Quelle image garder du parcours de Pablo Correa avec Nancy ? On a si souvent moqué son style de jeu défensif, son embonpoint et ses joggings, qu’il est dur de peindre aujourd’hui un portrait positif de l’enfant de Montevideo, et ce malgré une carrière aux statistiques honorables. Marronnier de la blague footballistique, usée jusqu’à la corde, éculée d’abord sur les plateaux TV quand la France du foot s’intéressait encore à l’ASNL, puis par quelques twittos cherchant la vanne facile depuis que le club de Platoche est tombé dans l’oubli. Qu’il était bon de se moquer de ce petit coach dans ce petit club, avec des petits joueurs, un petit stade et des petits résultats. La tactique de Correa est vue comme moche et défensive, elle en devient même proverbiale.
Le mal aimé
Dans le fond, il est sans doute normal de se moquer de cet éternel énervé, ni charmant, ni bankable. Paradoxal pourtant, à cette époque où les entraîneurs français sont dénigrés et où les tacticiens étrangers ont la cote. Pas suffisant, sans doute, d’avoir été nommé deux fois de suite meilleur entraîneur français de l’année (1). Pas sérieux, ce petit gros têtu qui court à perdre haleine au stade de France un soir d’avril 2006. Aucune tendresse pour lui et son équipe sauvée du National deux ans plus tôt. À vite oublier, cet ancien joueur moyen de D2 biberonné aux valeurs uruguayennes du Nacional Montevideo et du Peñarol – le résultat avant tout, quelle que soit la manière et à n’importe quel prix –, caricaturé pour son « Si tu veux du spectacle, va au cirque. » Trop dur à comprendre dans ce pays où la main de Thierry Henry fait scandale, alors que celle de Suárez est un monument en Uruguay. On est bien loin du cerveau de Guardiola, de la classe d’Ancelotti, ou de la chicha de Pascal Dupraz. Correa, c’était une sorte d’anti Bielsa, démodé avant même de commencer sa carrière, construite sans arrière-pensée, sans plan et sans tactique. Comme pour composer ses équipes, ricaneront certains ? La vanne est bonne.
Pourquoi c’est triste?
Son parcours de coach (2) avec Nancy étant désormais terminé, on peut dresser un petit bilan. Correa partage avec d’illustres noms – comme Guardiola au Barça, Sacchi avec Milan ou Zidane au Real – un point commun, toutes proportions gardées : il est le meilleur entraîneur de l’histoire de son club. Pas rien, même si c’est de Nancy que l’on parle, un club dont tout le monde se fout. Mais à une époque où le football va plus vite, tant sur le terrain que sur les bancs de touche chauffés, qui peut se vanter d’un tel exploit ? Même dans un club pourlingue de division inférieure ? Correa à Nancy, c’était un des derniers vestiges d’un autre football, celui de la parole donnée, pas seulement sous seing privé. Ces années où on intégrait un club comme on entre dans une nouvelle famille, et duquel on ne partait pas. Pas seulement par fidélité, non, ne soyons pas naïfs : à moins d’être un crack, on n’avait surtout presque jamais l’opportunité d’aller voir ailleurs.
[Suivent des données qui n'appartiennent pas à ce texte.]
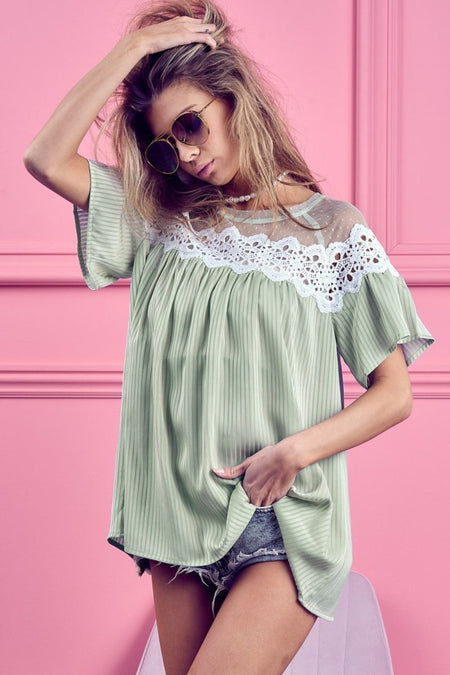 BiBi Lace Detail Short Sleeve Striped Blouse - Sleekdenim.com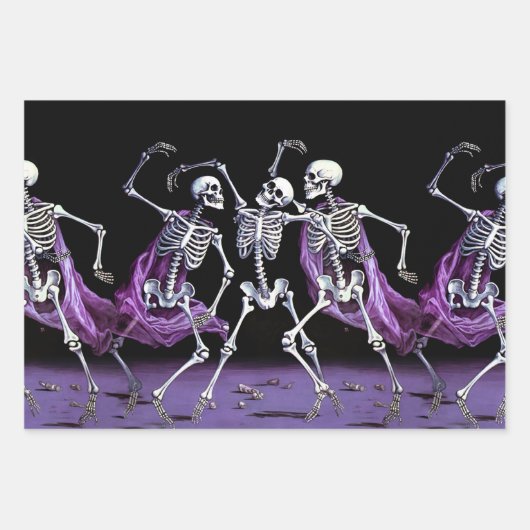 Paarse gotische skeletten & schedels inpakpapier vel (Voorkant 3)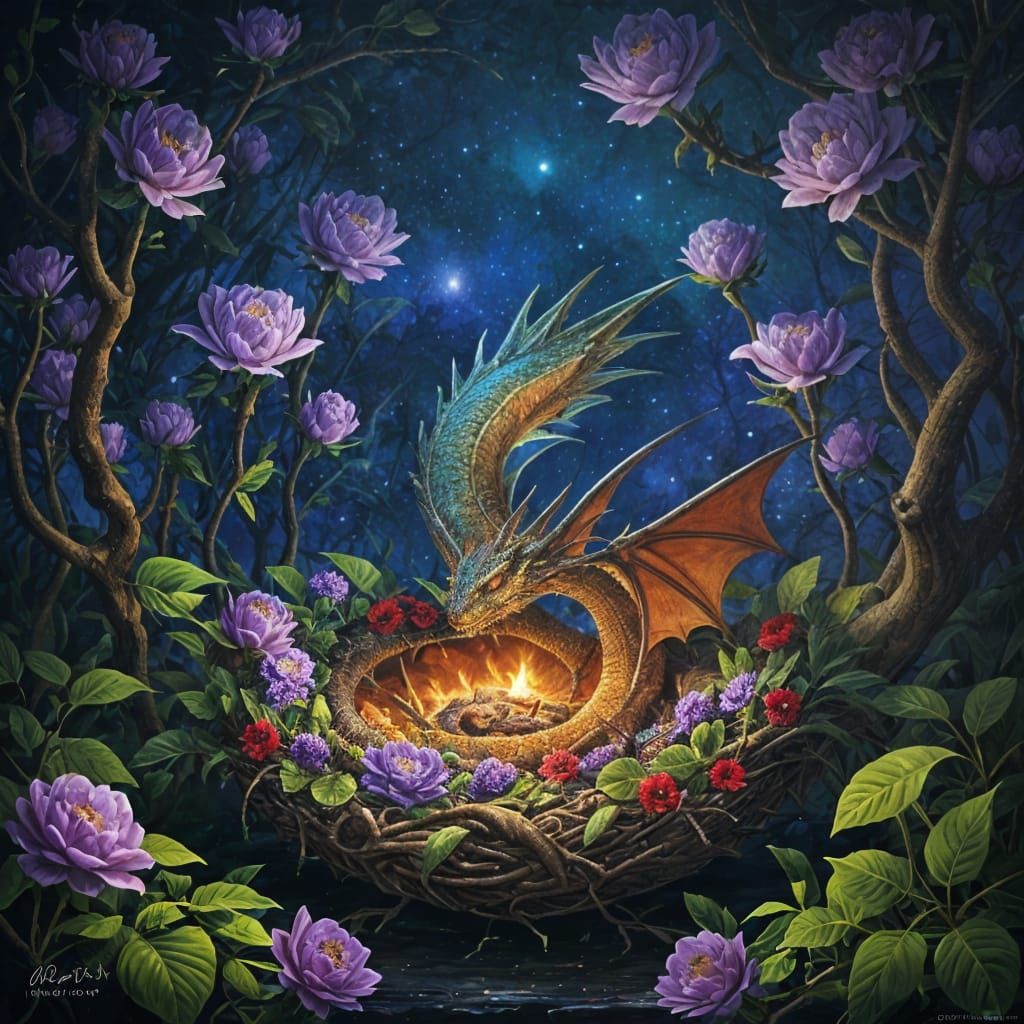 Baby Dragon Sleeping in Cosmic Flower Nest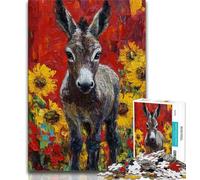 Puzzles pour Adolescents 1000 pièces Âne et Tournesol, Anti-Stress, Vacances à la Maison, Passe-Temps, Amour Entre Couples (38x26cm)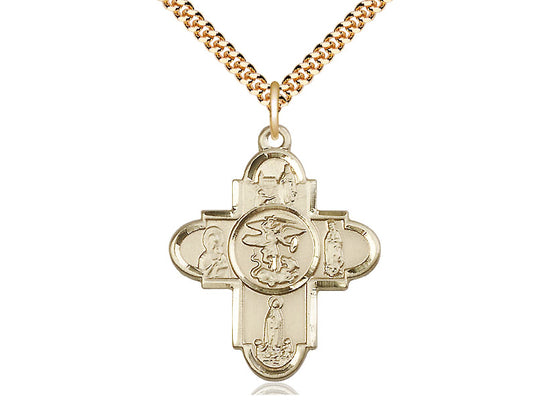 14kt Gold Filled Our Lady 5-Way Pendant on a 24 inch Gold Plate Heavy Curb Chain - Unique Catholic Gifts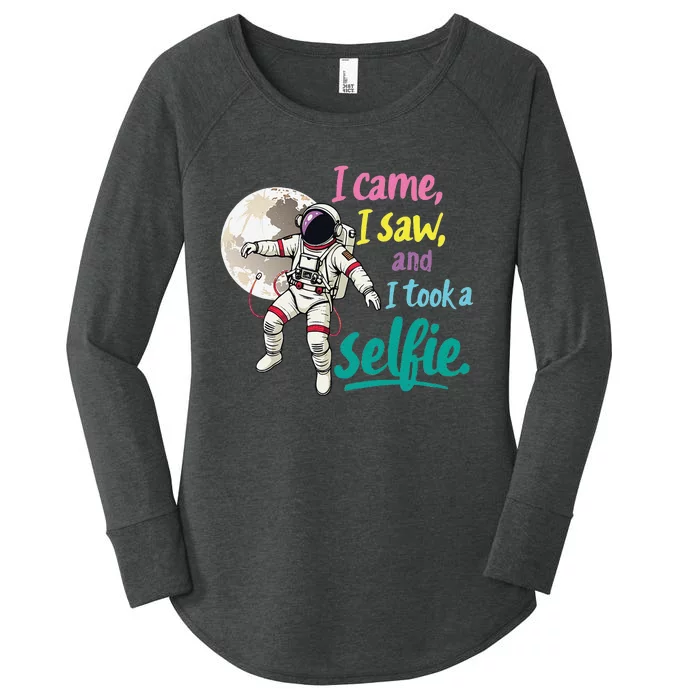 Astronaut Museum Travel Space I Came I Saw I Took A Selfie Women's Perfect Tri Tunic Long Sleeve Shirt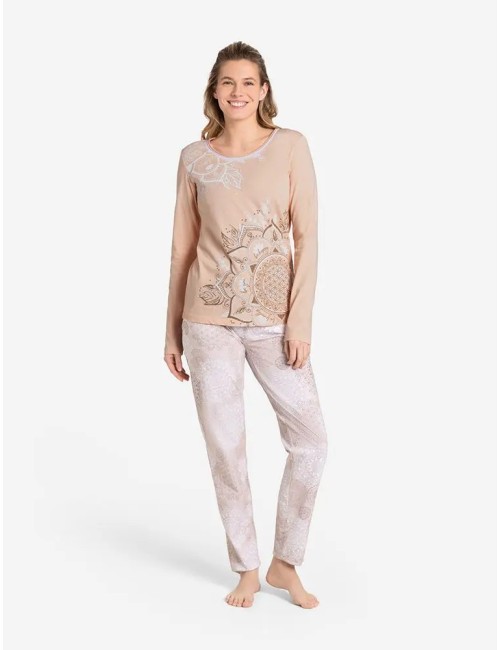 Spirit of OM - Pyjama-Longsleeve Shirt - apricot/sahara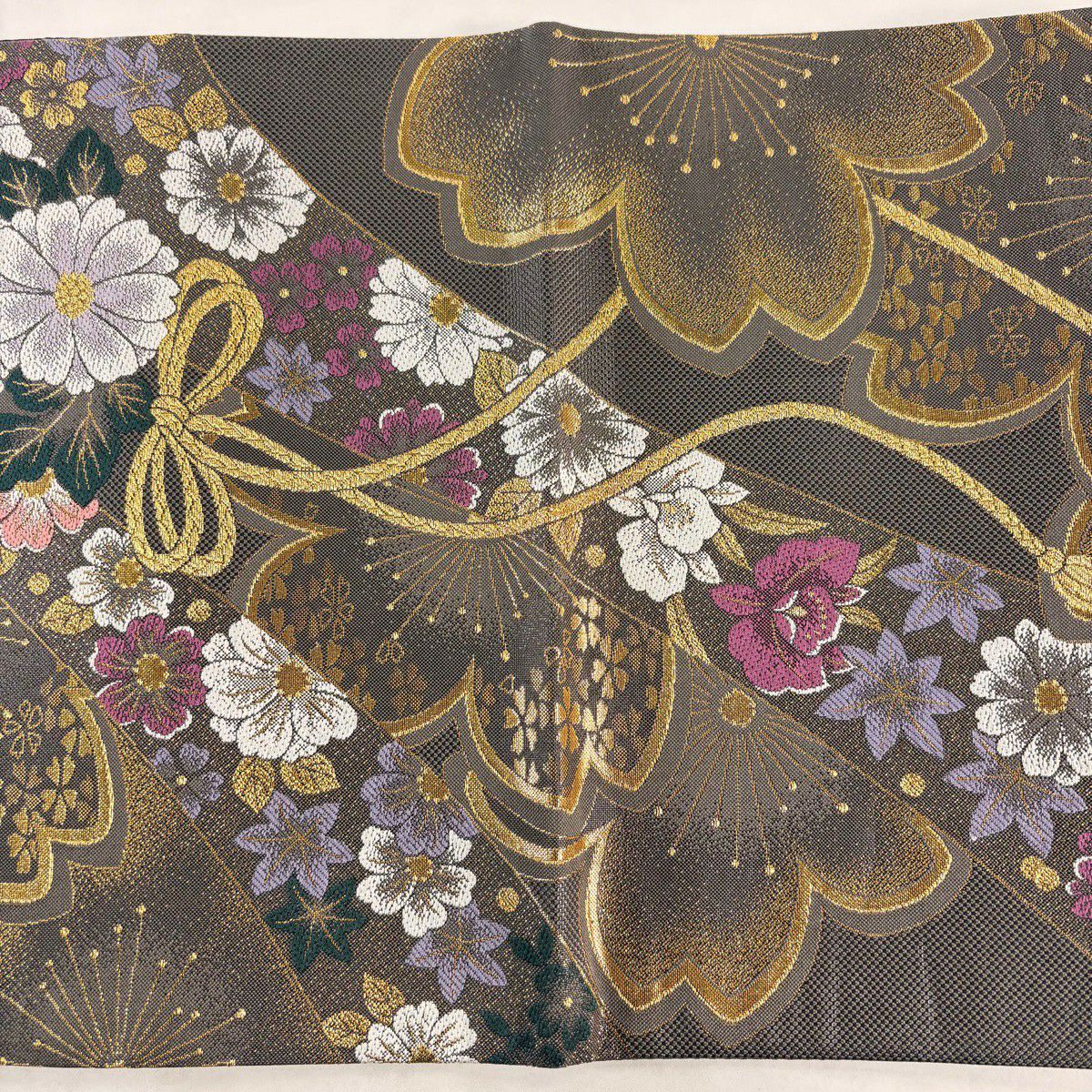 【美品】 袋帶 秀品級 藥玉 櫻花 金金箔 唐織 墨色 六通 純蠶絲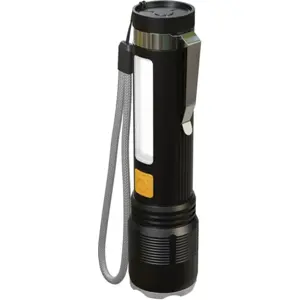 Lanterna LED c/ zoom e barra de LEDs em alumínio 700lm - recarregável 1500mAh
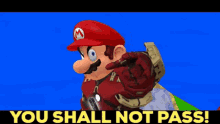 Smg4 Mario GIF - Smg4 Mario You Shall Not Pass GIFs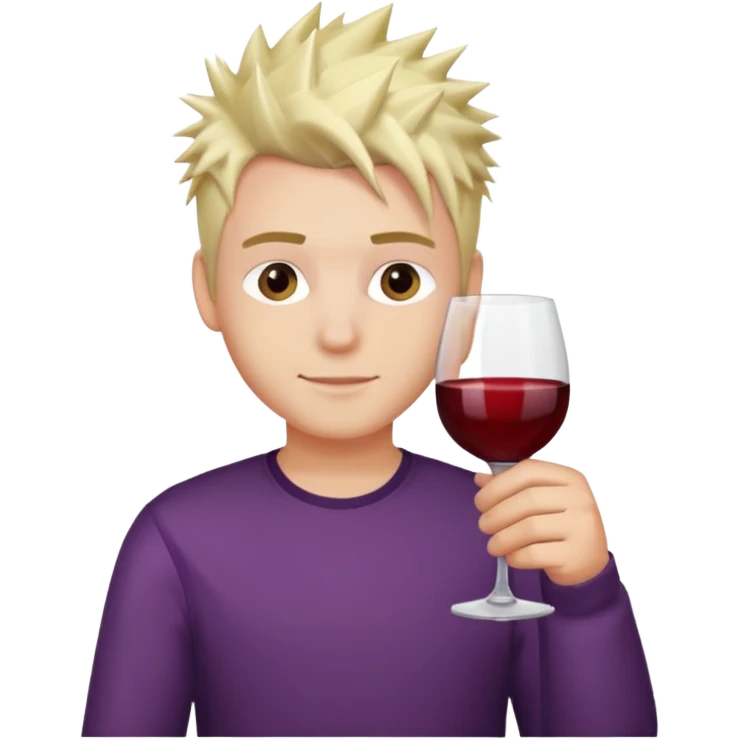 Молодой человек с бокалом вина, светлые волосы ежиком emoji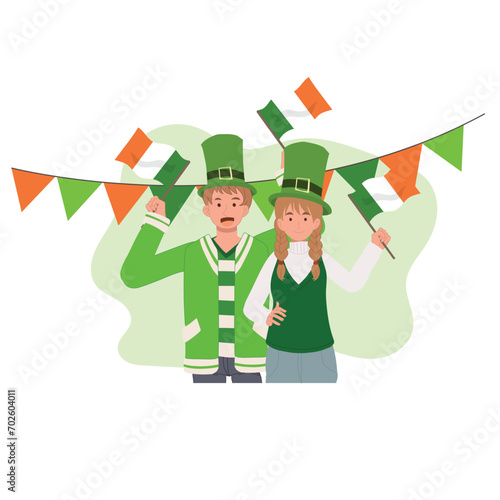 Happy People Celebrate St Patrick Day.  Irish Festival of Joy and Tradition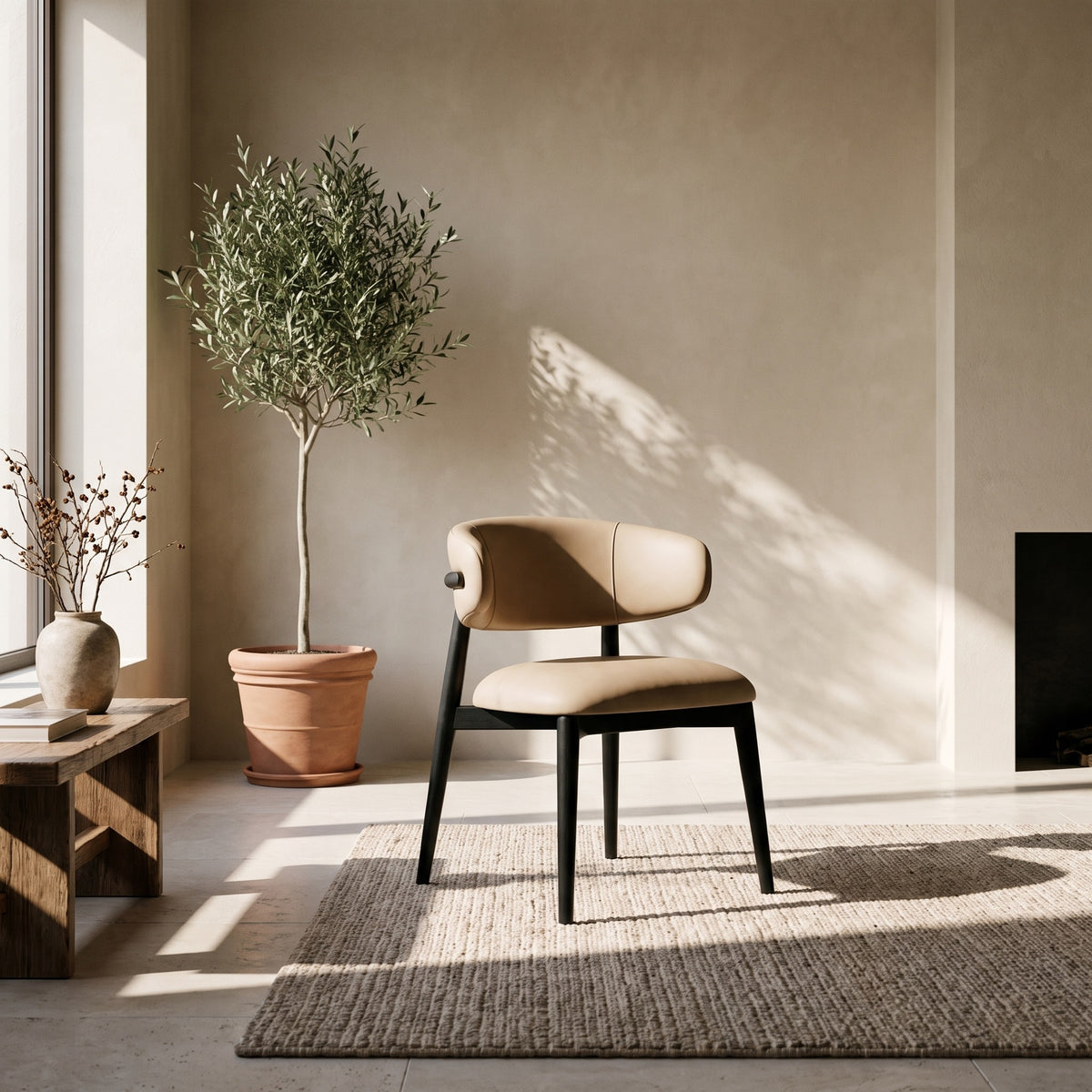 Milo Dining Chair - Nude with Black Frame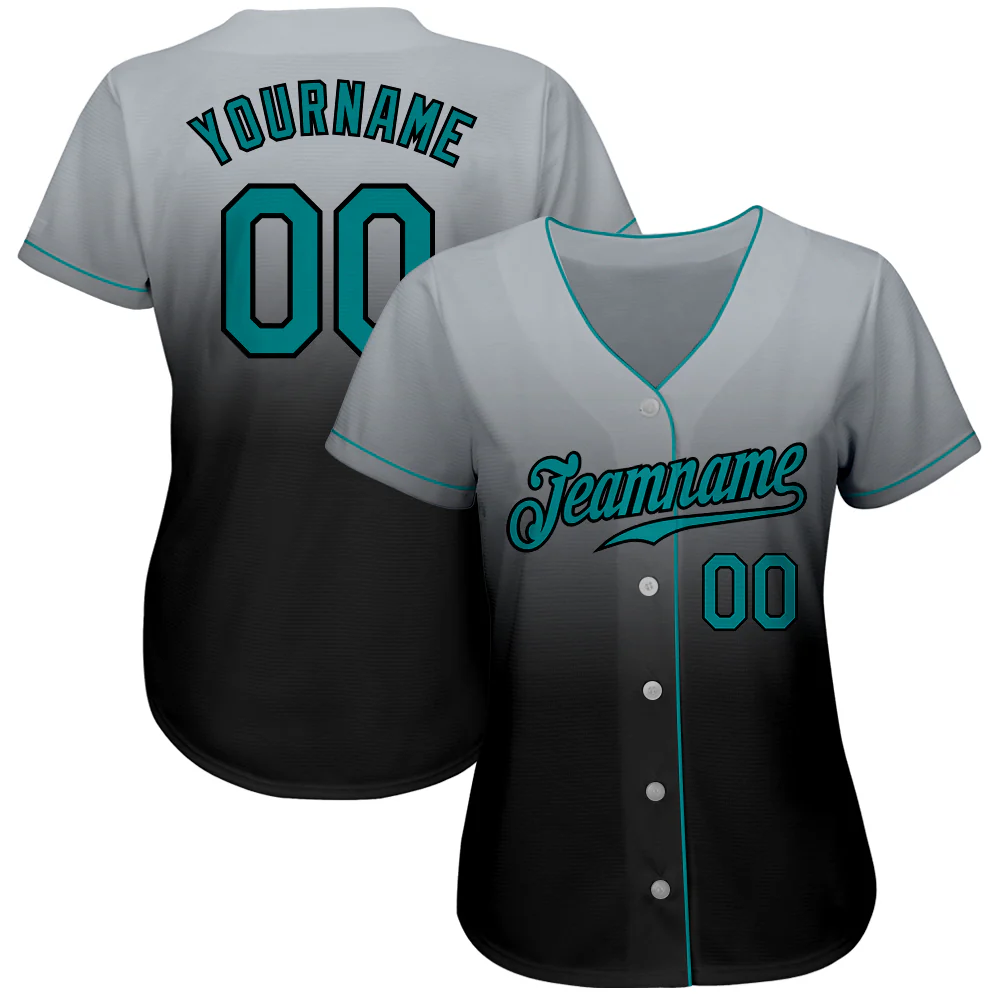 Custom Gray Teal-Black Authentic Fade Fashion Baseball Jersey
Empathie pour Jourdren, un autre petit gros moqué par tout le monde.
Correa qui quitte le banc de Nancy, c’est la fin d’une vieille habitude. C’est un clou de plus dans le cercueil du foot VHS, coincé entre la mort de Loulou Nicollin et le futur départ en retraite d’Arsène Wenger. Correa qui s’en va, c’est la satisfaction de tous ces esthètes qui aimaient le tailler, lui et son club. Qu’ils en profitent, alors, car ce têtu de Pablo reviendra peut-être un jour.
Par Gilles FRANÇOIS
1 : En 2006 puis 2007. Il est le seul coach à avoir gagné ce titre deux fois de suite avec... Rudi Garcia. Un signe ?
2 : il reste néanmoins au club pour occuper un poste à définir, probablement à la direction sportive.